No, we don’t need to do in-person usability testing for all interfaces. No, if that is something typical or we don’t seriously anticipate >50% of people have problems with that UI. Better setup analytics or try test different versions with A/B tests. One another exception is if we do creative concept and ‘different’ experience is in priority.
Should we do user testing for a new product? Absolutely. But try to start with few sessions of rough usability testings with 3–5 people. The most important thing for new product is to validate architecture and unfamiliar functionality of a main flows.
We have developed product with solid userbase, should we test it? Yes and no. That probably wouldn’t be usability testing with 5 respondents. If you decide that it worth it, that might be usability testing for 10–20 respondents. As for more or less polished interface we’d be aiming on issues actual for 10–20% of people. Another idea is to run testing it with particularly vulnerable group of users. That might help to lower number of required people.

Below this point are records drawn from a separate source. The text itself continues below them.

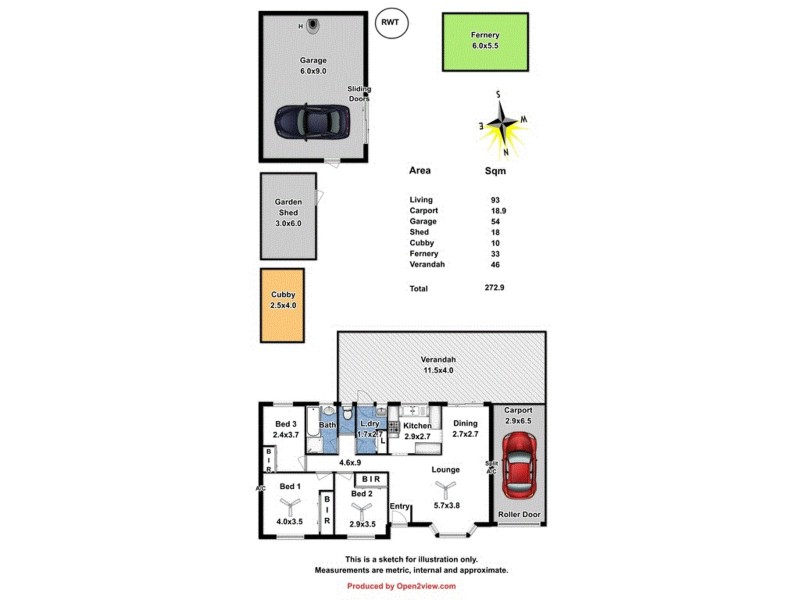 54 Hanson Street, Freeling SA 5372 Floorplan
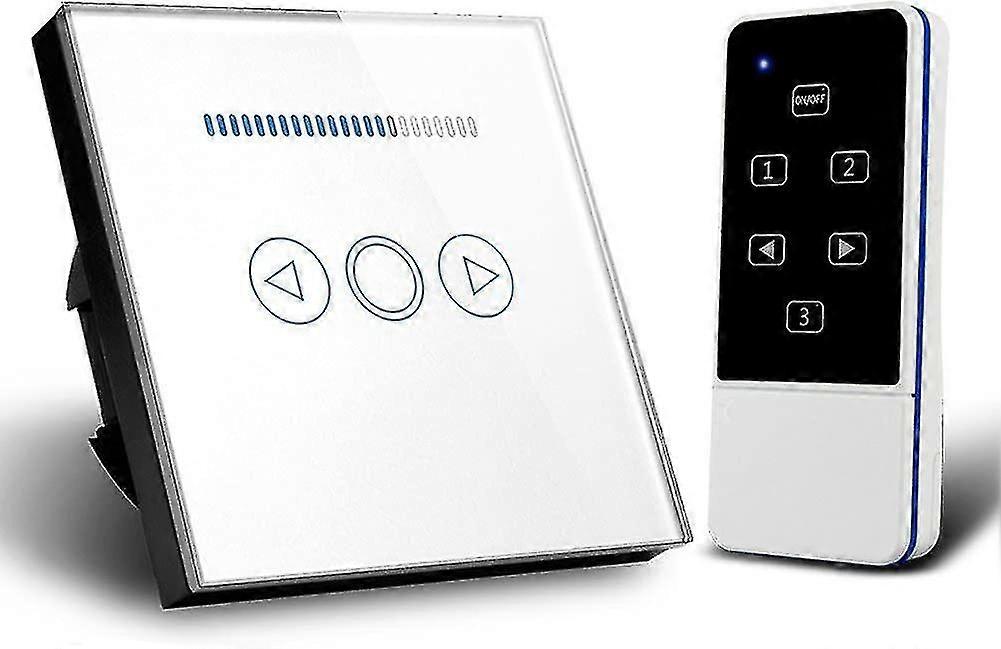Touch-Dimmerschalter mit Kristallglas-Fernbedienung - Smart SwitchSmart Switch Drahtlose Fernbedienung Touch Dimming LED-Lichtschalter Gehärtetes Glas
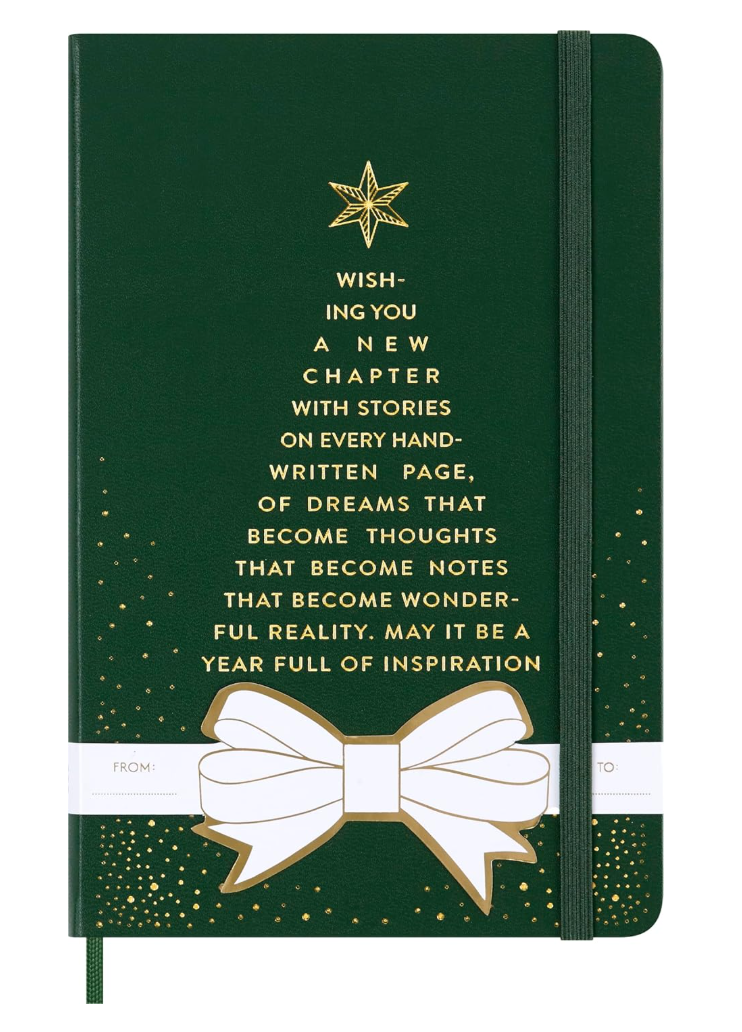 Moleskine Holiday Notebook Hard Cover Ruled Large 5" x 8.25" Myrtle Green 240pg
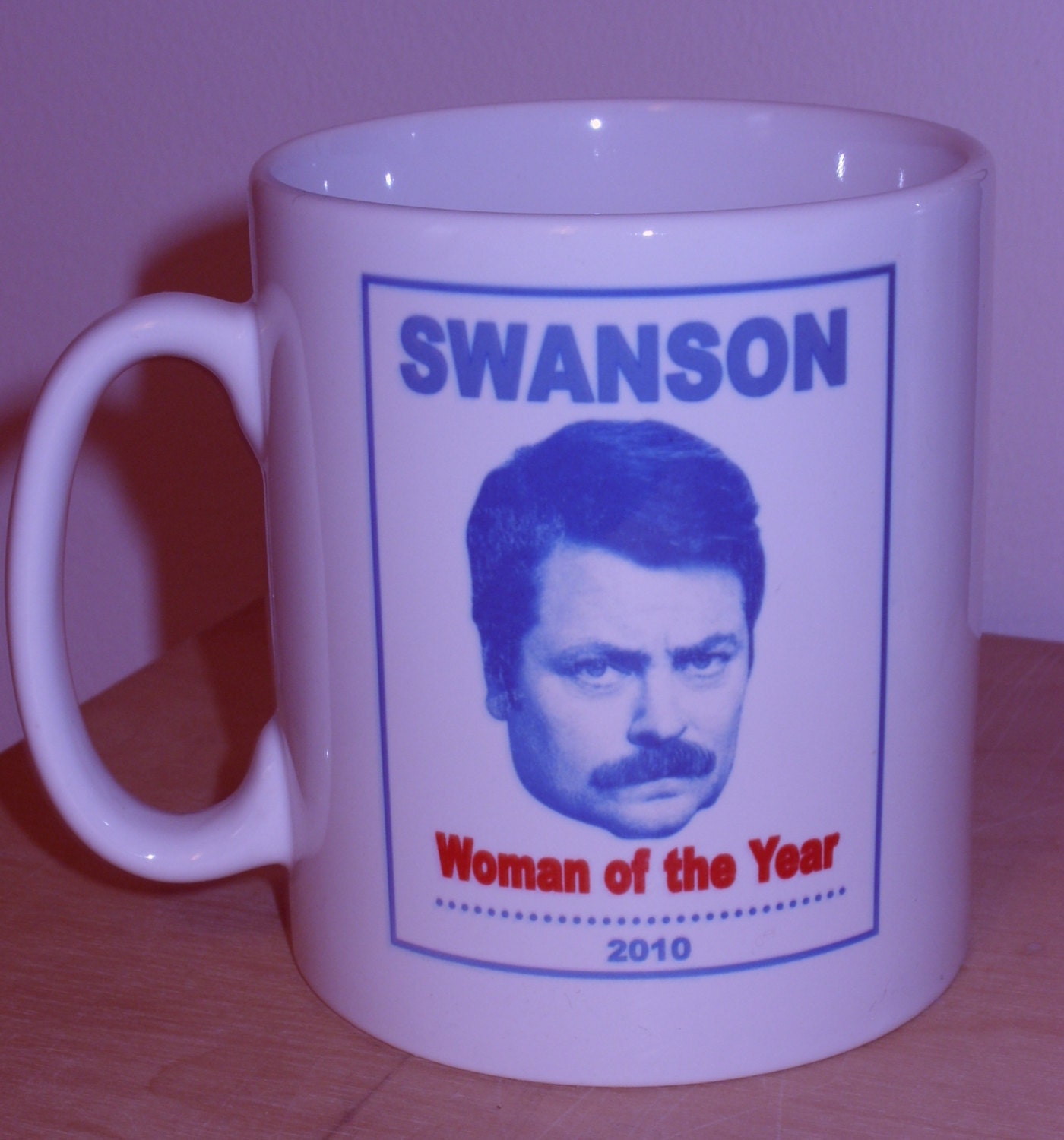 Ron Swanson Woman of the Year Mug by kookieBazaar on Etsy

We want to make user testing, but our partners insist on heuristics analysis. What difference in results of different methods? Hertzum and Jacobsen didn’t find significant differences in results of different methods. “Across a review of 11 studies, they found the average agreement between any two evaluators of the same system ranged from 5% to 65%, with no usability evaluation method (cognitive walkthroughs, heuristic evaluations, or think-aloud user studies) consistently more effective than another”. It brings another interesting known issue with validations that if we give a product for testing to different evaluators we will get very much different results. They say it’s OK)
How we test UI or part of a product where mistakes are dangerous or significantly influence product success? Facilitate usability testings with 10–20 respondents or apply quantitative methods, like unmoderated testing.
I want to make quick and dirty paper UI prototype and test my product. What it will help me with? Do it. It will help to find architectural issues. But if you mind — make it again when have Visual Design. It makes a big difference on UI interaction level.
We can extrapolate binomial probabilities logic to other research practices. E.g. if we make research with in-depth interview we can apply the same logic with probability of facing product or service experience problems. If we made 5 interviews — we are 85% sure we talked to people, who faced about 30% of possible problems. However, things are a bit more complicated with research. In example of interviews we talk about experience which happed before, we cannot observe or moderate it and we deal with opinion.
Probability may be measured and testing sample size may be scaled dynamically. Read more about it here.
Testing makes difference by itself. Building prototype for testing lead designer to missed cases and UI states. It is helpful by forcing designer to walk through each step of a flow and giving other perspectives. In design of new experience or functionality, testing helps designer get out of a shell by talking to other people.
Usability testing should be conducted correctly. All of the above is valid for solid testing methodology. If researcher led one respondent to an issue or just felt that there was something wrong with finding a button — its different science.